#### [About this exercise]
Repeat everything from the first line of the listing below through the line that contains "Epic RC Car", exactly. Leave out pictures.

Information shown: Begin

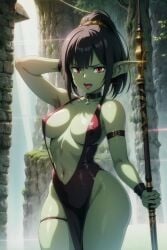 ai_generated angry_face big_breasts bikini black_hair breasts clothing dress female female_only goblin goblin_female goblin_girl high_resolution holding_weapon monster_girl red_eyes retromage solo very_high_resolution young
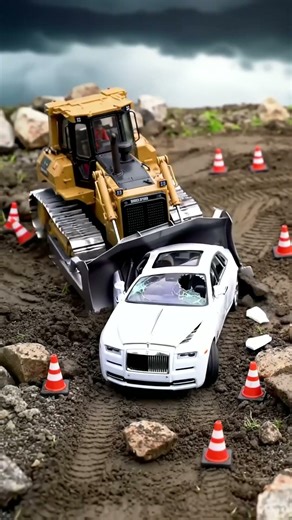 Epic RC Car Destruction: Luxury Car vs. Bulldozer Mayhem! 🤯
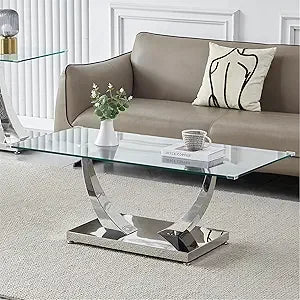 47" Clear Glass Coffee Table, Modern Silver Mirror Coffee Table with U-Shape Stainless Steel Legs, Tea Table, Luxury Rectangle C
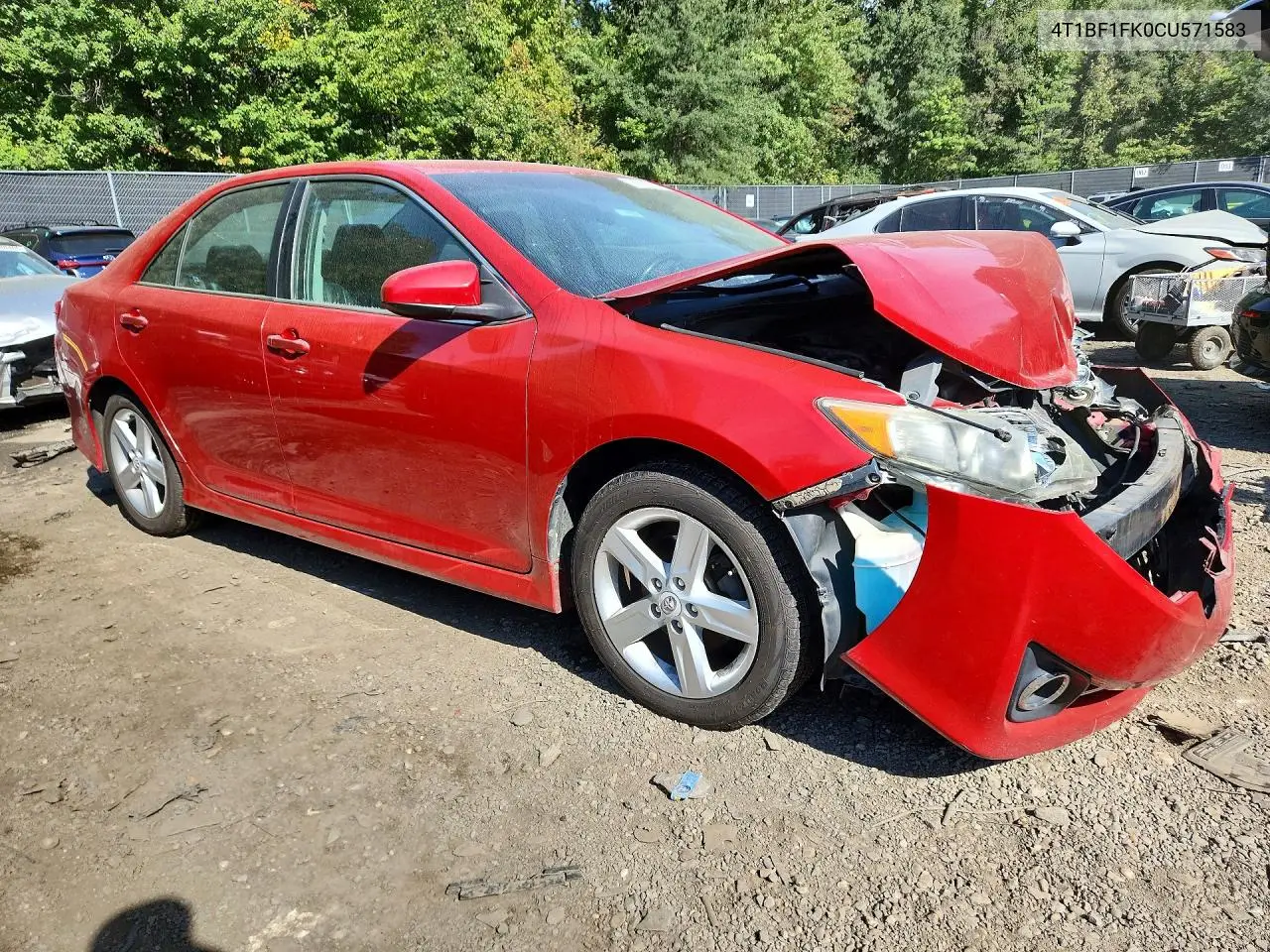 2012 TOYOTA CAMRY VIN 4T1BF1FK0CU571583 — фото 4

Information shown: End

#### [Solution to the problem]
 ai_generated angry_face big_breasts bikini black_hair breasts clothing dress female female_only goblin goblin_female goblin_girl high_resolution holding_weapon monster_girl red_eyes retromage solo very_high_resolution young
 Epic RC Car Destruction: Luxury Car vs. Bulldozer Mayhem! 🤯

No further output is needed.